#### PROBLEM TO SOLVE:
From the data underneath, reproduce exactly the stretch that begins at the line with "Фото рецепта Фото рецепта" and ends after the line with "Refurbished Honor Magic7".

#### DATA SUPPLIED:
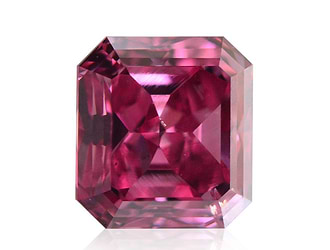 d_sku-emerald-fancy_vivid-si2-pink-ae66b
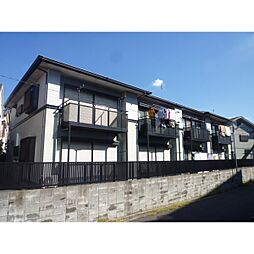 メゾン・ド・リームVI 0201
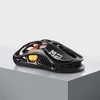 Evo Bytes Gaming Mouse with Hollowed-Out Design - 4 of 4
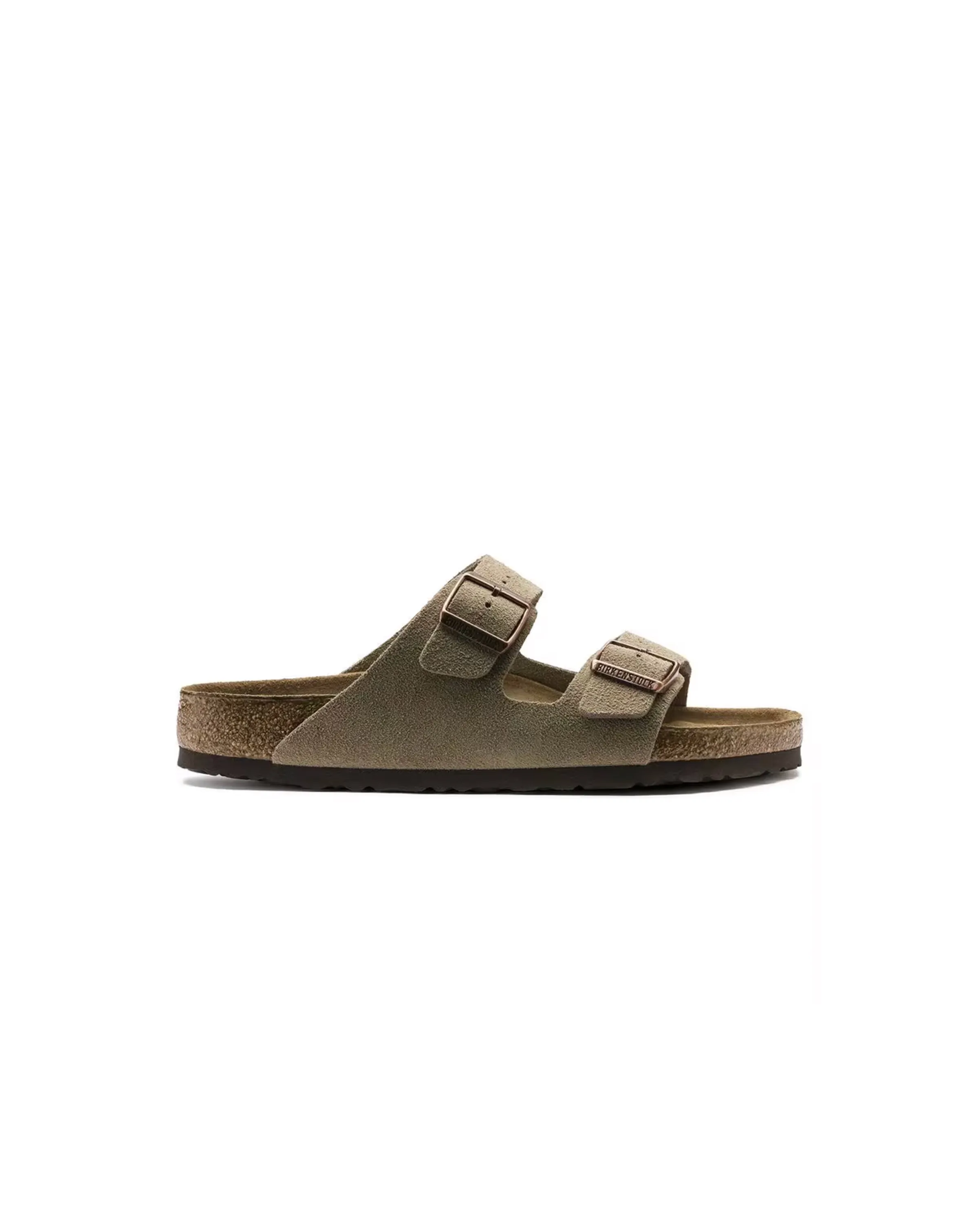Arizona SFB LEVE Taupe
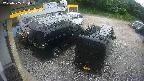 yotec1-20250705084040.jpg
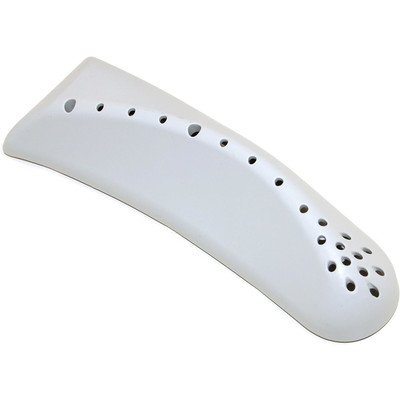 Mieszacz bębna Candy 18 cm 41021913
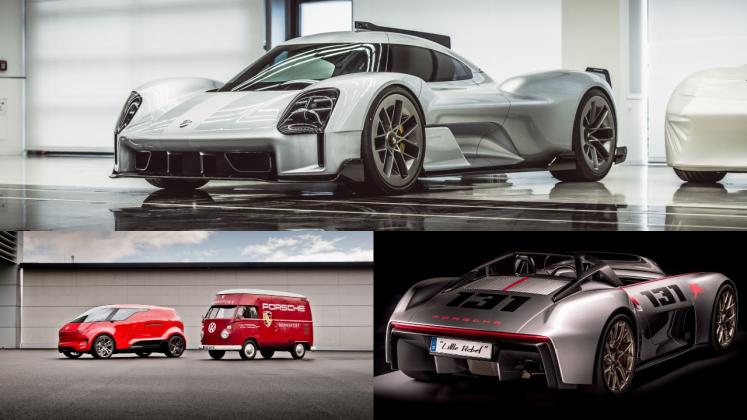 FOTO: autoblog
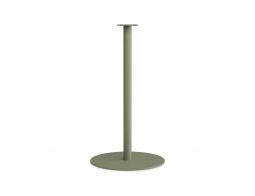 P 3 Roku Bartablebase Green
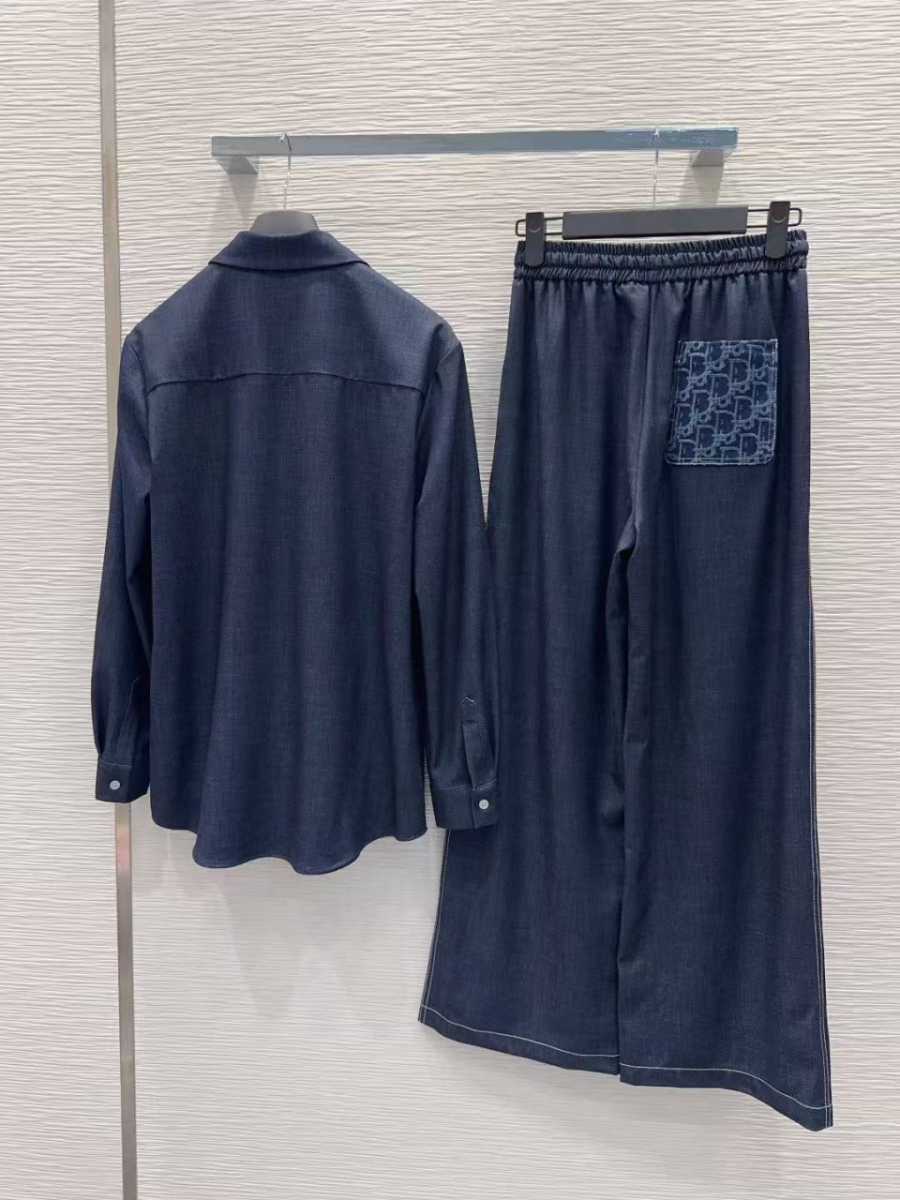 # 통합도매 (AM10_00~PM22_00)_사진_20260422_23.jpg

* * *

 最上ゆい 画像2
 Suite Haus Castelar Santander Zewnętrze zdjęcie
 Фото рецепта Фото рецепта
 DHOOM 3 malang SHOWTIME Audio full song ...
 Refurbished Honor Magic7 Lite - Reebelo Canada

#### ANSWER BELOW:
 Фото рецепта Фото рецепта
 DHOOM 3 malang SHOWTIME Audio full song ...
 Refurbished Honor Magic7 Lite - Reebelo Canada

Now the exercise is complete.